# TASK INPUTS

* * * * * * *

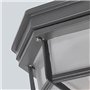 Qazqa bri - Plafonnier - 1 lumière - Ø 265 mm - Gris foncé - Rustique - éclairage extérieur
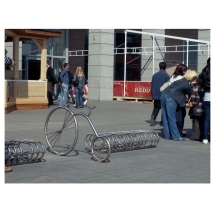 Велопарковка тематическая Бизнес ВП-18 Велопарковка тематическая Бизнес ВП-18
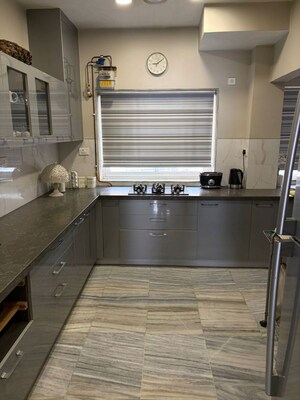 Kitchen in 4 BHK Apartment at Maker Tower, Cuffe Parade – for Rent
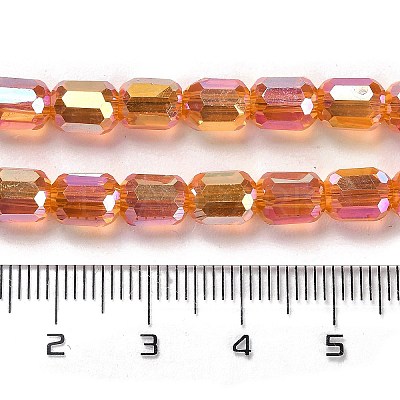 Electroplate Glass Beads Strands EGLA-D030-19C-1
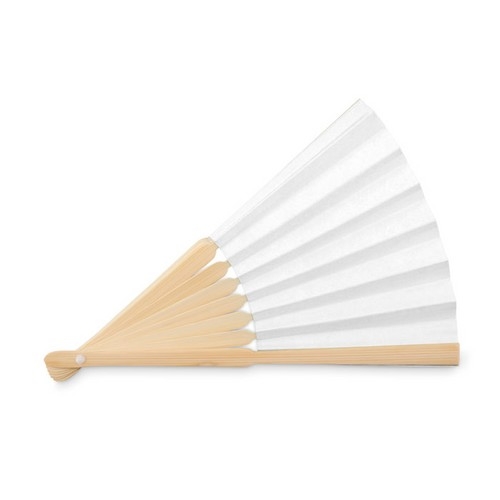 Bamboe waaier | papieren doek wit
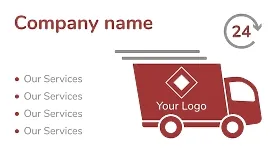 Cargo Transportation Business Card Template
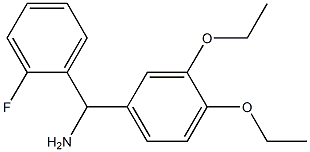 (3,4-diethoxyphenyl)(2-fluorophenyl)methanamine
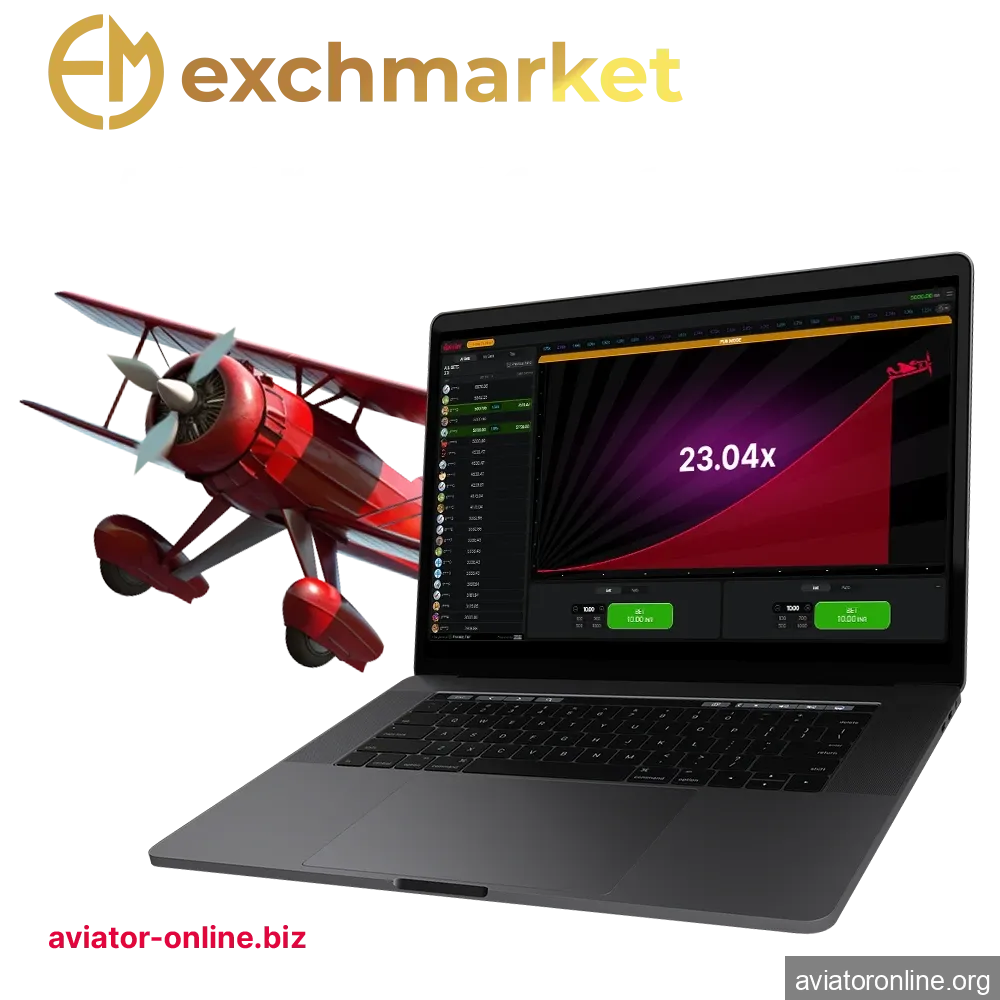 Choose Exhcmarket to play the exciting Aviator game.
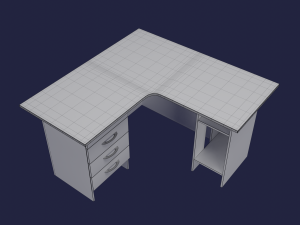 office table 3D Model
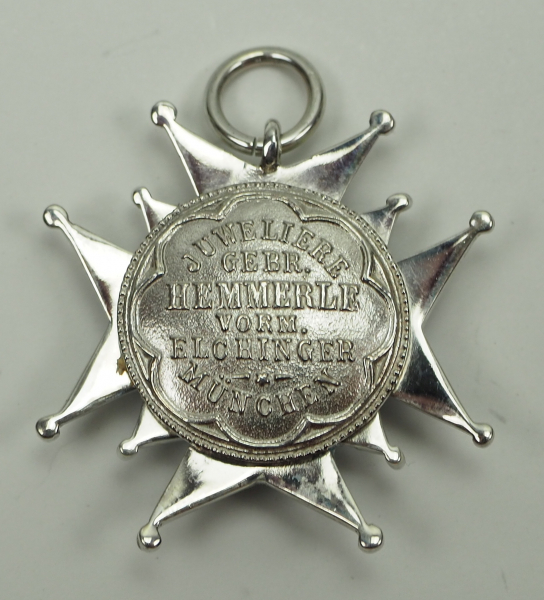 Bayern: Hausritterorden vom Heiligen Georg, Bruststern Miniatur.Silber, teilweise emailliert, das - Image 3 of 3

* * * * * * *

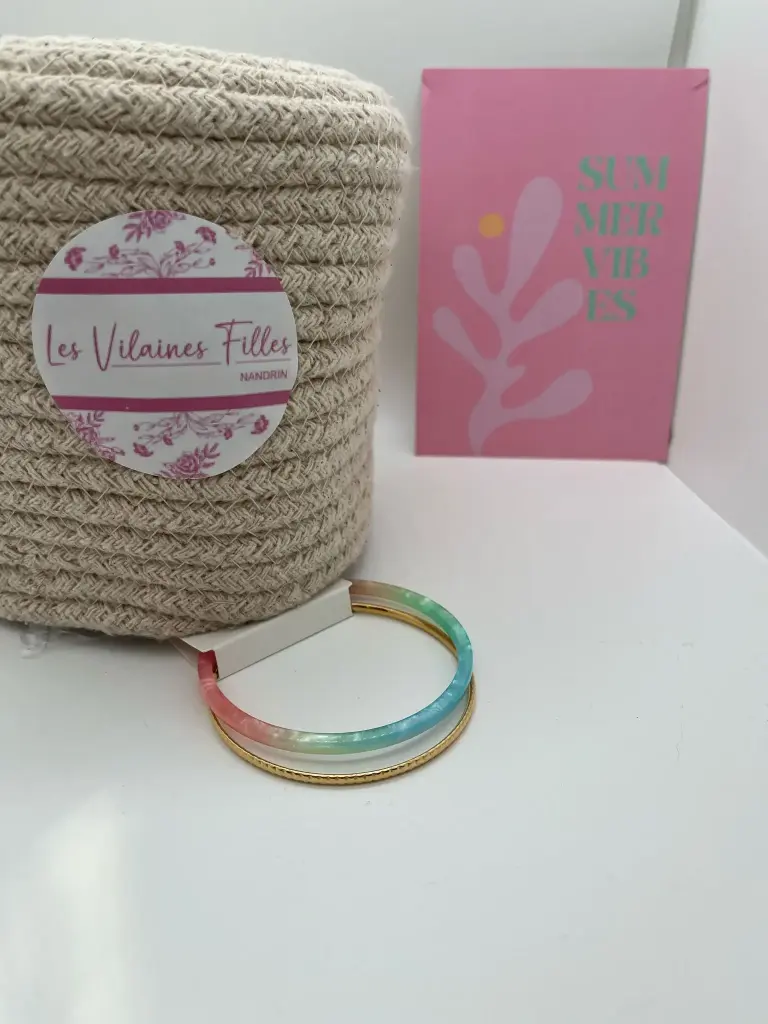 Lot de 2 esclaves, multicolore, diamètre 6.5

* * * * * * *

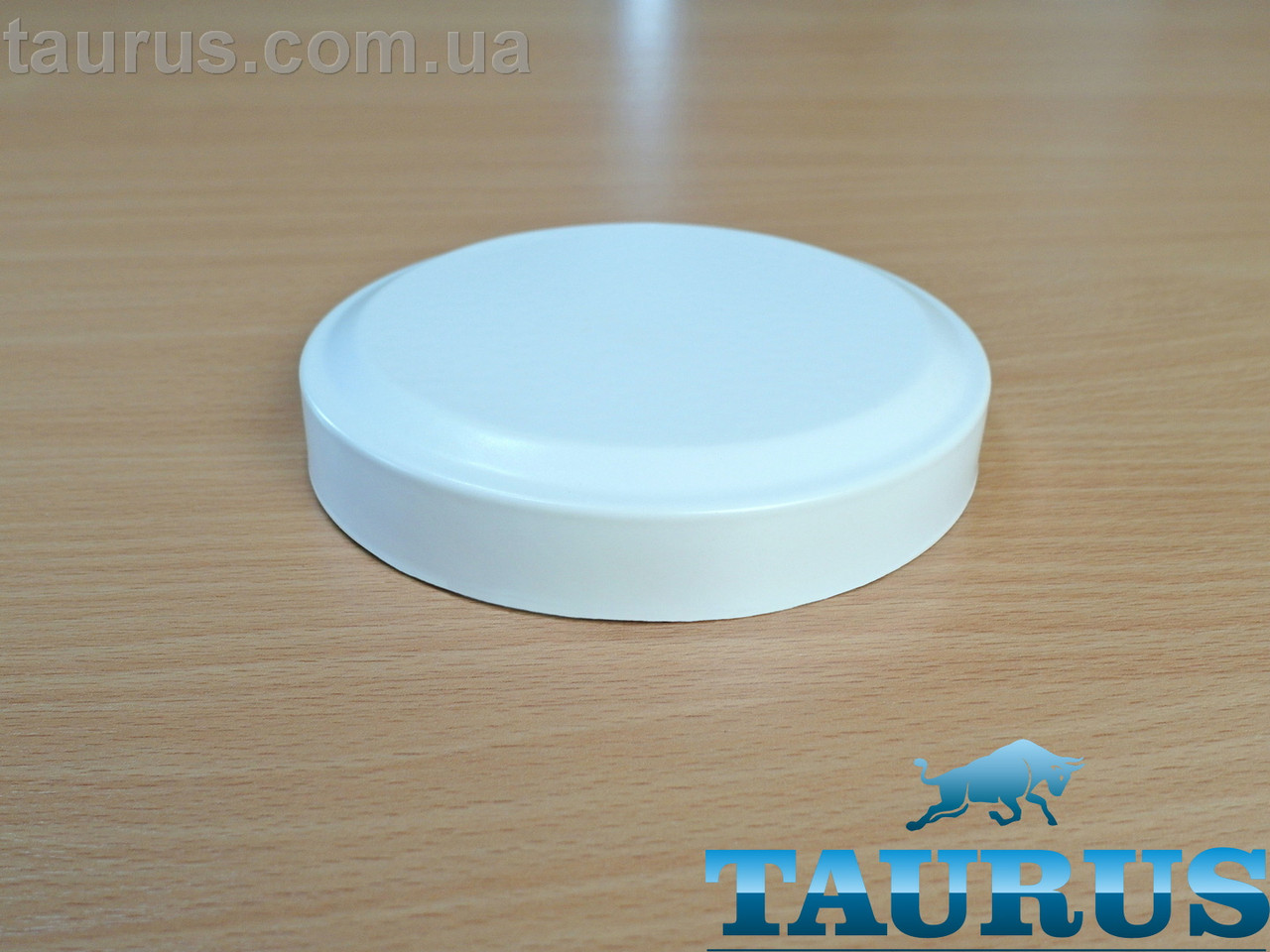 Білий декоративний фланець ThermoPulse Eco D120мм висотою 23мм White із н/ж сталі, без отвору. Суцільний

* * * * * * *

# PROBLEM TO WORK ON
The stretch above running from the line with "(3,4-diethoxyphenyl)(2-fluorophenyl)methanamine" through the line with "Bayern: Hausritterorden vom" is all you should copy, exactly, leaving out the pictures.

# FINISHED EXERCISE
 (3,4-diethoxyphenyl)(2-fluorophenyl)methanamine
 Choose Exhcmarket to play the exciting Aviator game.
 office table 3D Model
 Bayern: Hausritterorden vom Heiligen Georg, Bruststern Miniatur.Silber, teilweise emailliert, das - Image 3 of 3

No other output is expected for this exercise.